Alabama Governor Robert Bentley Lands Airbus Factory Deal for State
Posted by Warm Southern Breeze on Wednesday, July 11, 2012
Quite possibly, this is THE biggest industrial jobs deal in Alabama, ever!
Kudos to the Governor, and all who made it happen.
One thing’s for certain – direct & indirect jobs from this deal will be exceedingly superior to those in sawmills & cooperages!
Here’s to you, Governor!
Alabama Gov. Robert Bentley rides Airbus momentum in Europe
Published: Wednesday, July 11, 2012, 1:16 PM Updated: Wednesday, July 11, 2012, 2:08 PM
LONDON – Gov. Robert Bentley was tired.
He piled into the back of a cab early Wednesday for the ride out to Heathrow Airport, accompanied by a reporter; his wife, First Lady Dianne Bentley; his chief of staff, David Perry; and a pair of security guards.
His voice was hoarse and his suit was rumpled. In the past two days alone, he met with 24 individual companies at the air show, conducted a dozen or more interviews and delivered half as many speeches. In between, he fought the London gridlock, kept up with state issues back home and managed a couple of hours of sleep at night.
“I feel like a first-year resident, back in med school,” said Bentley, 69, who was a practicing dermatologist in Tuscaloosa before his election as governor in 2010. “If I sound tired, I am.”
It was a good kind of fatigue, he added. Bentley soared into Europe on the heels of arguably the biggest accomplishment in his 18-month tenure as governor: Airbus announced July 2 that it would construct a $600 million, 1,000-worker aircraft assembly plant in Mobile, giving the European company its first production site on U.S. soil and Bentley a signature win for his administration.
“It’s been a good week,” he said, as the car lurched into traffic. “There is nothing more important – nothing – than creating jobs for the people of Alabama. That’s why we’re here. We came to work hard, we came to meet companies and we came to meet people.”
Bentley is prone to car sickness, and prefers to drive or ride up front when possible. As the cab bucked and stopped, he fished a motion sickness tablet from his shirt pocket and swallowed it. Perry asked the driver to turn up the air conditioner.
“I’m fine,” Bentley said. “Let’s keep going.”
The Airbus project, he said, was unique because it introduced a new industry to Alabama. The opportunity to build airplanes – Airbus plans to assemble A320 jets in Mobile – could broaden the state’s economy in the same way that Mercedes-Benz did when it established the first automotive assembly plant in Alabama in 1994.

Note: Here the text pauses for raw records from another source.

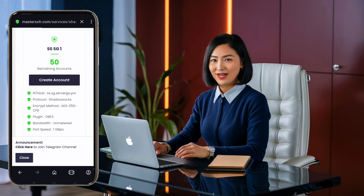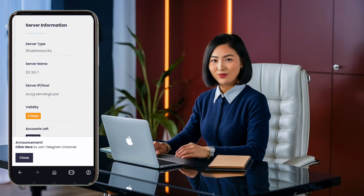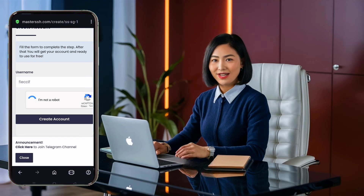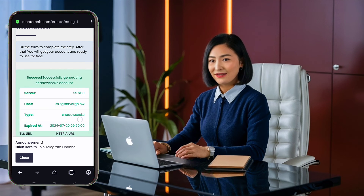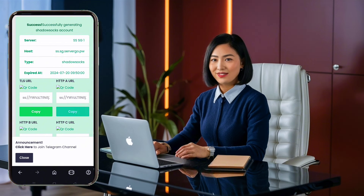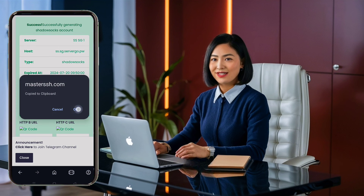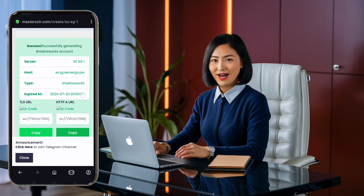After selecting your server, a new page will open. Click the create account button. You will need to fill out a reCAPTCHA, then click create account. In a few seconds, your account will be created. Make sure to copy the required data for future use. Make sure your server is not expired — if it has expired, create a new one by following these steps again.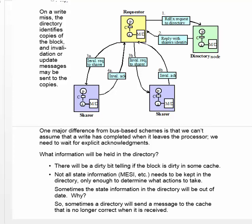In particular, it doesn't need to know whether a block is in state M or state E, because in either case, there's only one copy of it.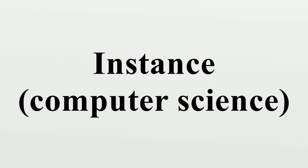Not all classes can be instantiated. Abstract classes cannot be instantiated, while classes that can be instantiated are called concrete classes. In prototype-based programming, instantiation is instead done by copying a prototype.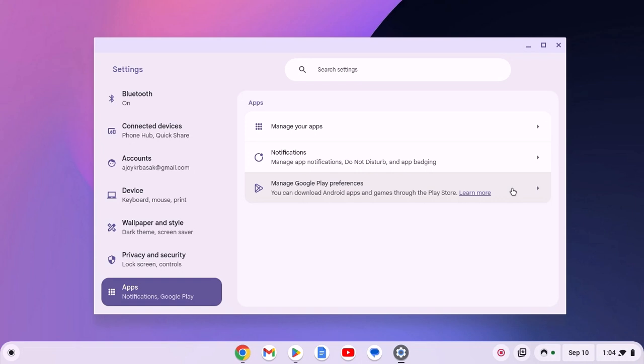I already have a video on it, so I'll provide the video link in the description box or you'll get the video link in the i button. After you have made sure that your Chromebook supports Google Play Store...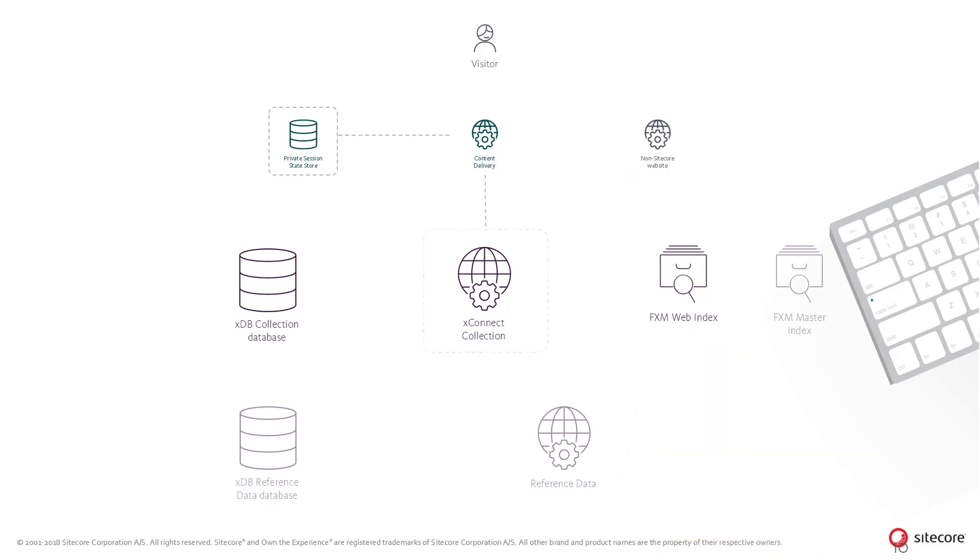Just as with regular Sitecore website tracking, the visitor details, contact and interaction is stored in session state, and when the session ends, the data is submitted to the XConnect collection service and saved to the XDB databases.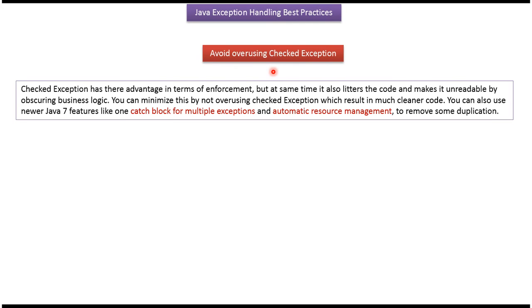We should avoid overusing checked exception. To avoid overuse of checked exception, we can use Java 7 features like one catch block for multiple exceptions and automatic resource management.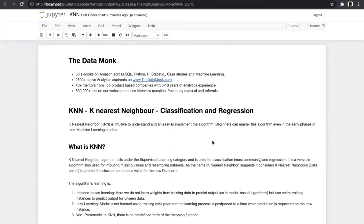Hello everyone, today we are back with one of the most easiest algorithms in supervised machine learning, which is KNN — K Nearest Neighbor algorithm. The flow for this video will be: first we will understand what KNN means, then we will see how KNN works, then we will build a model from scratch and understand the hyperparameter in detail. Before we start, here are a few details about DataMonk — at DataMonk we help students prepare for different types of interviews and provide study material for reference. You can visit our website at www.thedatamonk.com.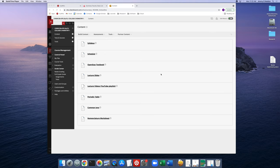Hi guys, in this video I wanted to walk us through the Blackboard course site for Chem 120. I'll talk about things like the syllabus, the schedule, and the exams that you'll need to do this summer, and I'll go through some of the other links on the Blackboard course site. Hopefully at the end I'll give you some study tips to help you improve your performance in the course.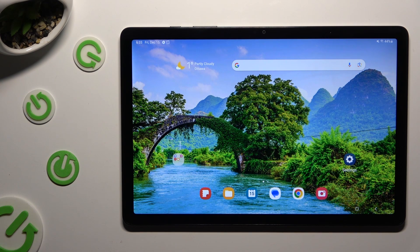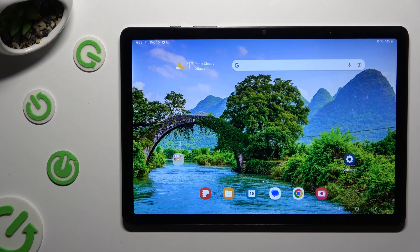Hi, in front of me is Samsung Galaxy Tab A9 Plus, and today I would like to show you how you can open apps in split screen view.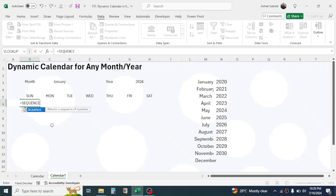This SEQUENCE function is available in the latest Excel version only. If you are working in older Excel versions, you have to follow a different method. I will create a different video tutorial on creating this calendar in old Excel versions — once the video is released I will put the link in the video description below.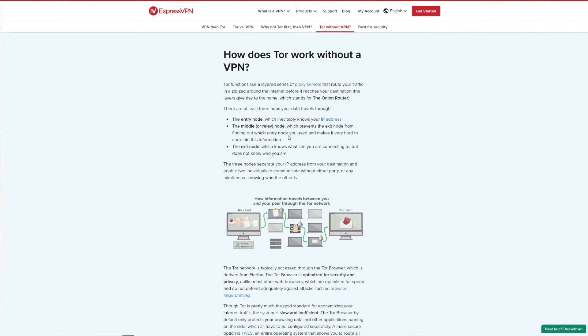As you can see on the screen, Tor functions in a way that it bounces your traffic through different nodes in the Tor network, making it untraceable by hackers and your internet service provider. However, the main issue are these two nodes, the entry node and the exit node.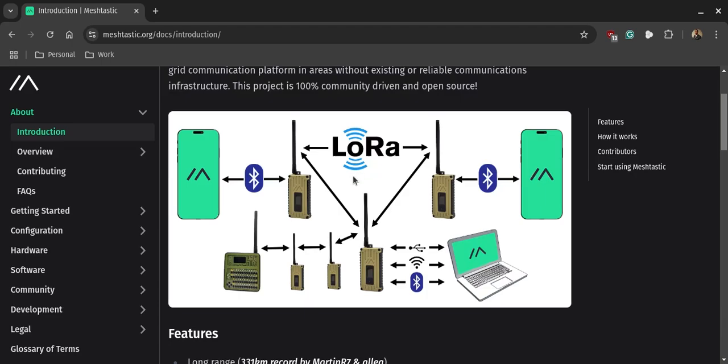But I wanted to leave this graphic up to show you that you can use different types of devices to connect to the LoRa WAN network. I'm sorry, not LoRaWAN, but the MeshTastic network using the LoRa radios that operate on the 915 MHz band.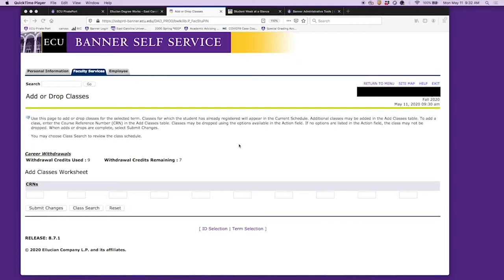I'm going to show you how to add a chemistry lecture and lab to your schedule. First, get to your add drop classes worksheet, and then we are going to select class search.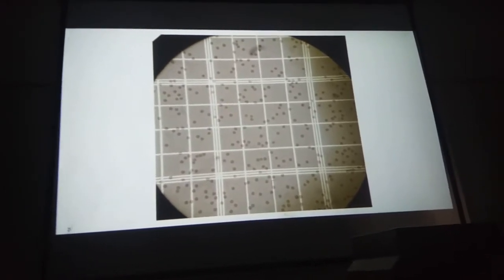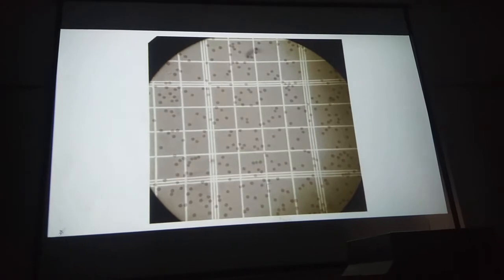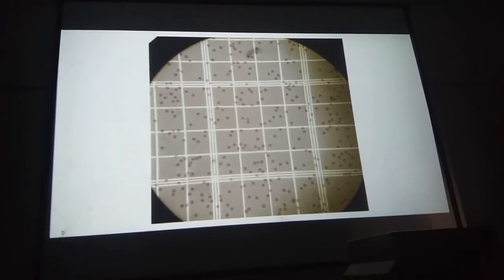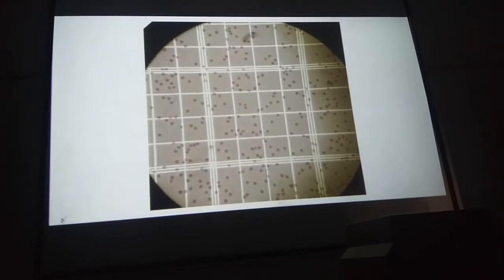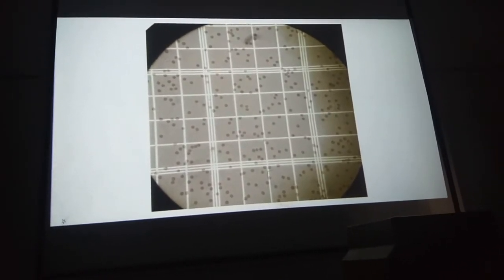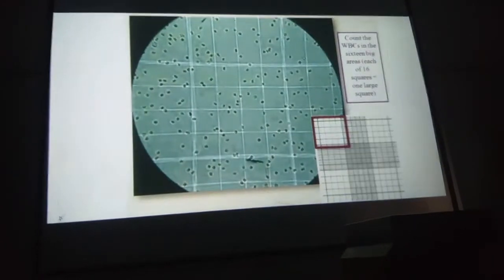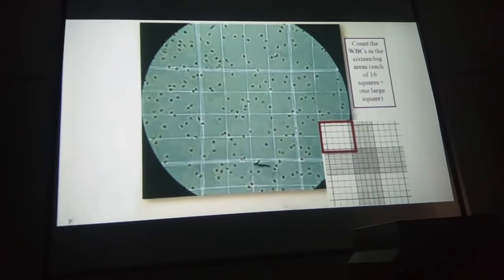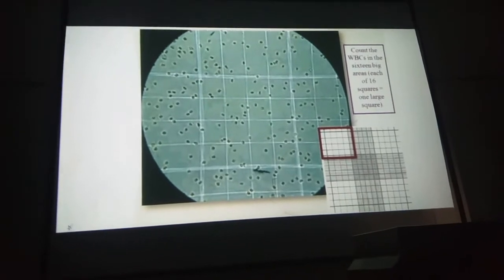This is how WBCs will appear under the microscope in a Neubauer chamber. You will first have to locate and focus the 4 corner boxes, and then start counting the WBCs in an inverted L manner in the 4 corner boxes. Here is another picture of how WBCs appear under the microscope.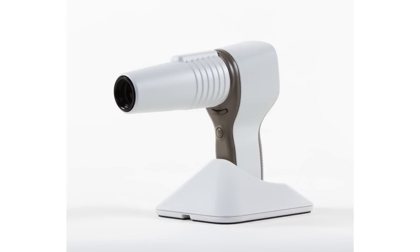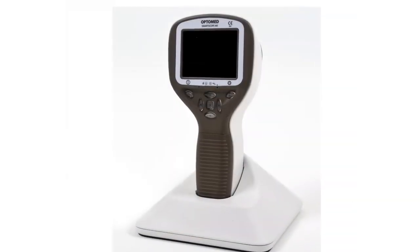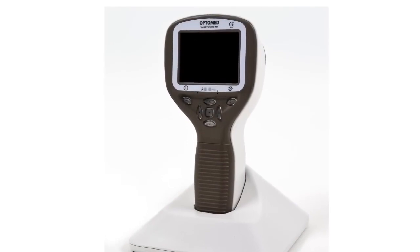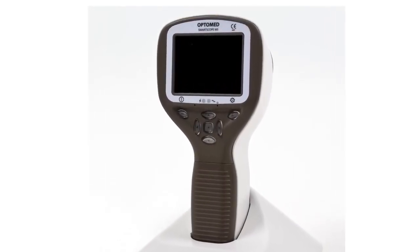SmartScope M5EY3 is a handheld digital retinal camera that enables non-mydriatic eye fundus examination and documentation of patient data through digital images and video.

Landing Airbus, he said, “took a lot of effort by a lot of people.” And it took a lot of money. Alabama enticed the company with a package of cash, tax breaks and other incentives worth about $158 million.
“It’s expensive,” he said. “Is it a good deal right now? Not necessarily. But you have to look at potential.”
Bentley drew a comparison to the deal that brought Mercedes to Vance, Ala.
“Was Mercedes a good deal when we did it? No. But you look back and see the results, everything that followed it – it absolutely was worth every penny,” he said.
“A project like Airbus, you could get an entire supply chain. There are at least three indirect jobs for every one job at the plant. And if Airbus does as well as I know they can in Alabama, there’s no limit to where it can go.”
Bentley said incentives are a fact of life in economic development, necessary to compete against other states. But he said he wanted to make sure that Alabama taxpayers got a good deal.
“There were some tough negotiatons” with Airbus, he said. “We got what we wanted and we protected the taxpayer. I think they got what they wanted, too. But we did make sure we had strong clawbacks in case they don’t live up to it.
The project, he said, is far superior to the one that preceded it in Mobile. Airbus’ parent company, the European Aeronautic Defence and Space Co., had proposed to build refueling tankers for the U.S. Air Force on the same site at the Brookley Aeroplex.
EADS scrapped its plans in Mobile, however, when the Air Force picked Boeing Co. for the tanker contract in 2011.
“If we had the tanker, we probably wouldn’t have the A320,” Bentley said. “This is better because it’s tied to the commercial market. It has the potential to be so much larger. It’s not limited by the Department of Defense. It’s limited only by the economy and their ability to sell airplanes – and our ability to build them. But I don’t have any doubt about the abilities of Alabama workers. I’ll bet on them every time.”